There are many sources from which material for a study of fugitive slaves may be gathered. Almost any work upon the slavery question touches sooner or later upon this topic, and the difficulties arise rather from the amount of the literature which must be examined than from lack of information. No formal bibliography of the subject, or of any phase of it, has been found; it has therefore been necessary to go through a large body of material, and to sift out references which bear upon the subject.
2. Libraries.
The labor has been much facilitated by the completeness and convenient arrangement of the literature bearing upon slavery in the libraries of Cambridge and Boston. The Harvard College Library possesses two unique collections of slavery pamphlets, one the bequest of Charles Sumner, the other the gift of Colonel T. W. Higginson; and the Card Catalogue of the Library is a comprehensive guide to a large alcove of other books. The great collections of the Boston Public Library have also been made accessible by the full Card Catalogue of that Library. The Boston Athenæum has also furnished valuable material; and in the Massachusetts State Library is an excellent set of State Statutes, which has been freely used. I have not been able to consult the antislavery collection of the Cornell Library at Ithaca.
3. Secondary works.
The material upon fugitive slaves, as upon any topic, may be divided into two classes, secondary and original. The general and local histories which come under the first class have been of good service as guides to further investigation. The Rise and Fall of the Slave Power in America, by Henry Wilson, takes up the whole question of slavery in a thorough manner, and devotes special attention to the debates in Congress. Though long and ill-arranged, it is comprehensive and trustworthy. Unfortunately, the work is not provided with foot-notes. Williams's History of the Negro Race, and Greeley's American Conflict, are other surveys of the whole subject. For a discussion of political forces and constitutional questions, Von Holst is the best authority, while Hurd, besides enumerating the statutes from colonial times down, considers the subject with great clearness from a judicial point of view, describes many cases, and in foot-notes gives references to others.
Studies of colonial slavery are found in Lodge's English Colonies in America and Doyle's English in America. Several special essays have been printed on slavery in Massachusetts; Deane's and Moore's Notes on Slavery, and Washburn's Extinction of Slavery in Massachusetts. Little attention is in any of these works given to fugitive slaves.

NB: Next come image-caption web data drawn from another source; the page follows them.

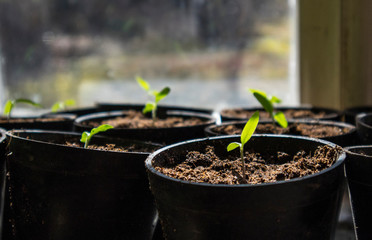 Growing tomatoes from seed. To plant in greenhouse. Vegetable garden concept. 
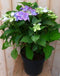 Warentuin Natuurlijk - Hortensia Hydrangea blauw randjesbloem 40 cm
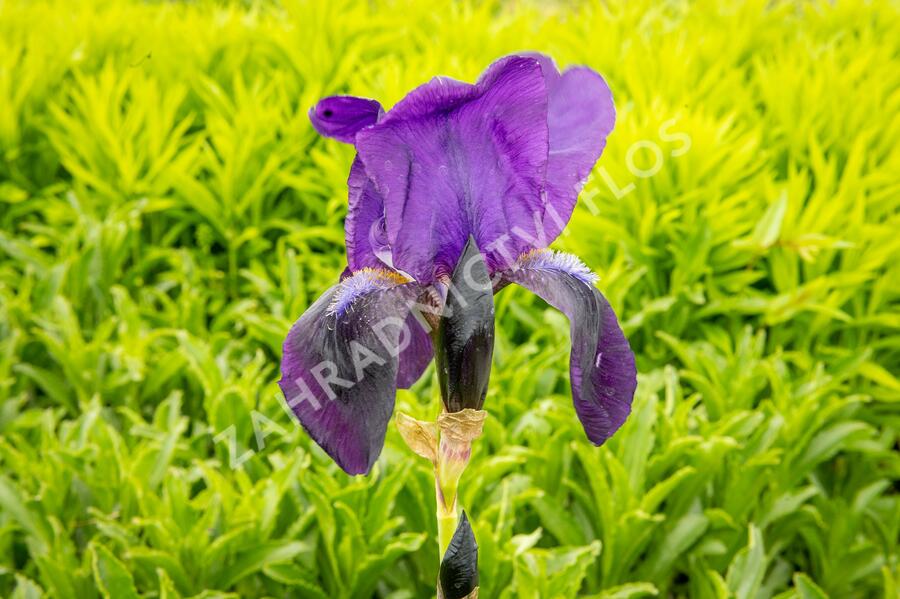 Kosatec německý 'Eleonor Roosevelt' - Iris barbata-elatior 'Eleanor Roosevelt'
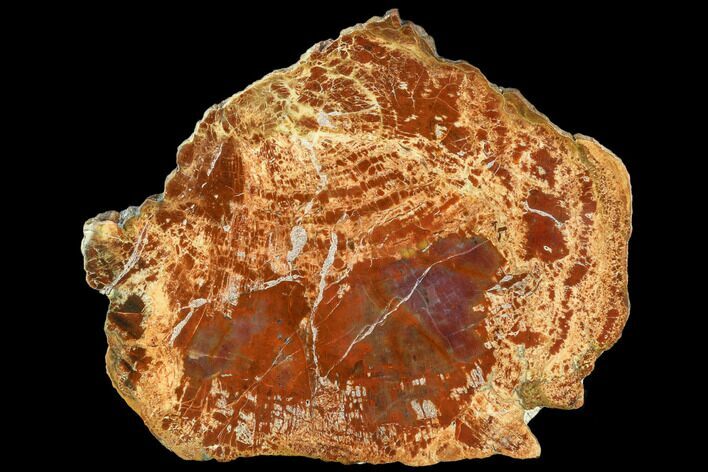 Brilliant, Polished Red Petrified Wood Slab - Arizona #104923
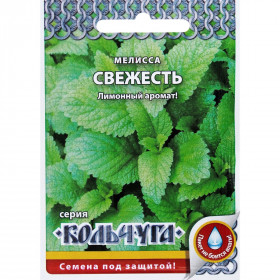 Свежесть Кольчуга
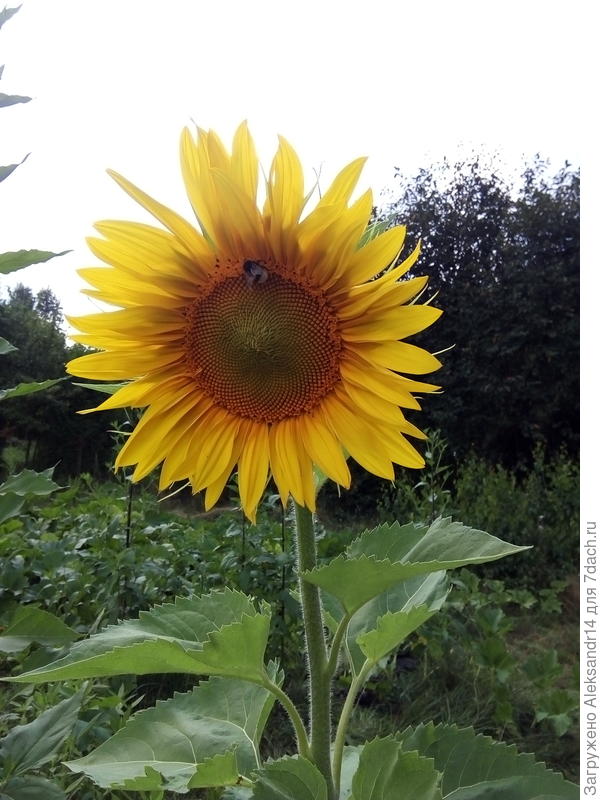 Первый подсонух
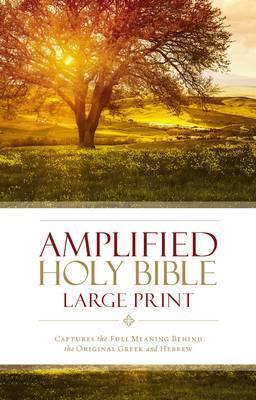 Amplified Bible Large Print-HC (Rev)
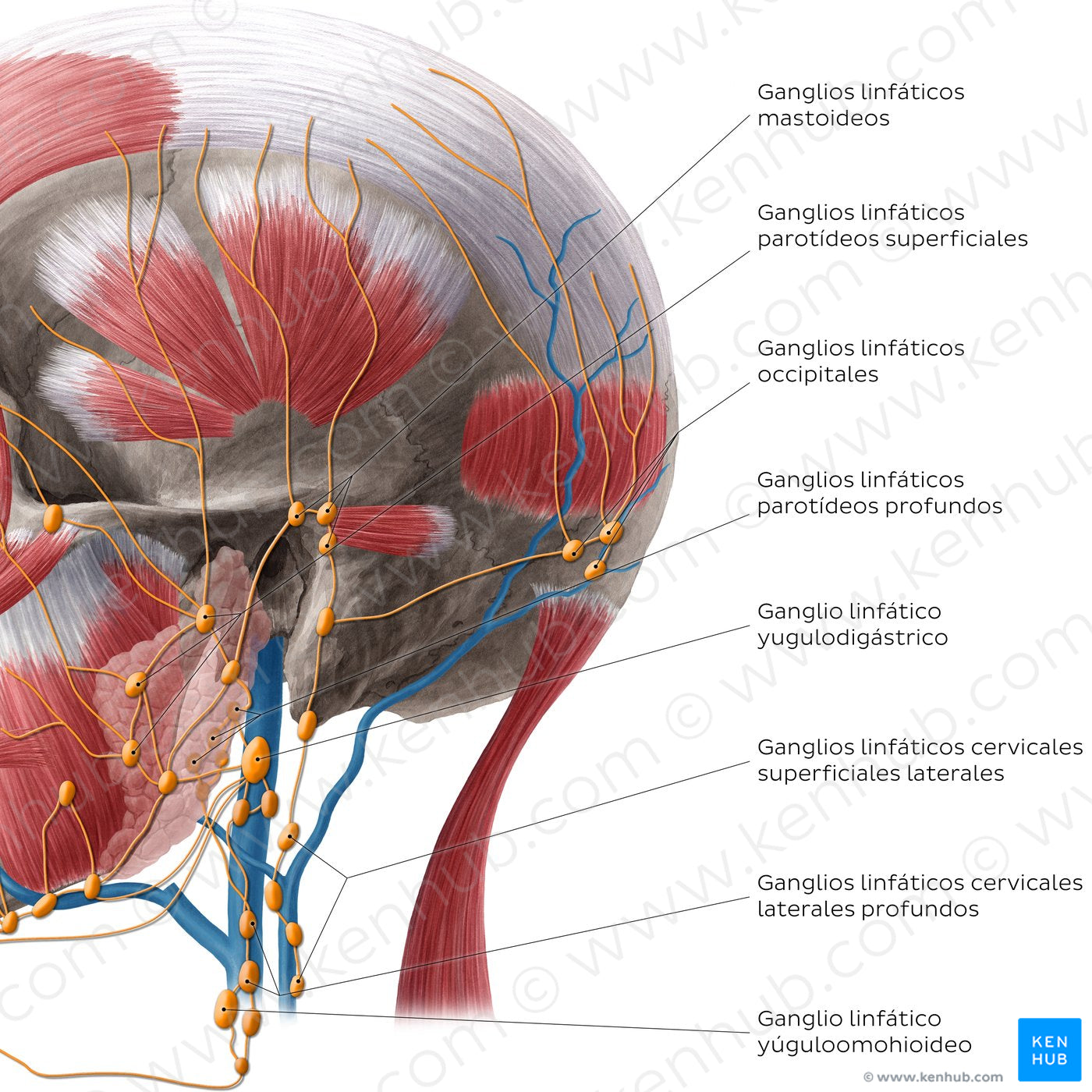 Lymphatics of the neck (Lateral) (Spanish)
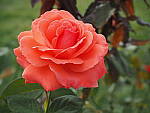 Click to see YP8270515.JPG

To another class belong books descriptive of the institution of slavery. Mrs. Frances Kemble wrote about life on a Southern plantation before the war, and the Cotton Kingdom and other volumes by Frederick Law Olmsted give many interesting details, and furnished me with much material for the chapter on Fugitives and their Friends.
4. Biographies.
Biographies of antislavery men are likely to contain information on fugitive slave cases. The Life of Isaac T. Hopper is full of accounts of his ways of aiding flight, and for the same reason the Life of Gerrit Smith is exceedingly interesting. Birney's Life of James G. Birney deals little with fugitives. The biographies of Mrs. Lydia Maria Child, Arthur and Lewis Tappan, John Brown, Garrison, Phillips, and the Grimké sisters, may also be mentioned. Others, like those of Jonathan Walker, L. W. Paine, Daniel Drayton, captain of the schooner Pearl, W. L. Chaplin, Work, Burr, and Thompson, and the recently published Life of Rev. Calvin Colman, relate simply the stories of trials and imprisonments for aiding fugitives, and are often more in the nature of original than secondary sources.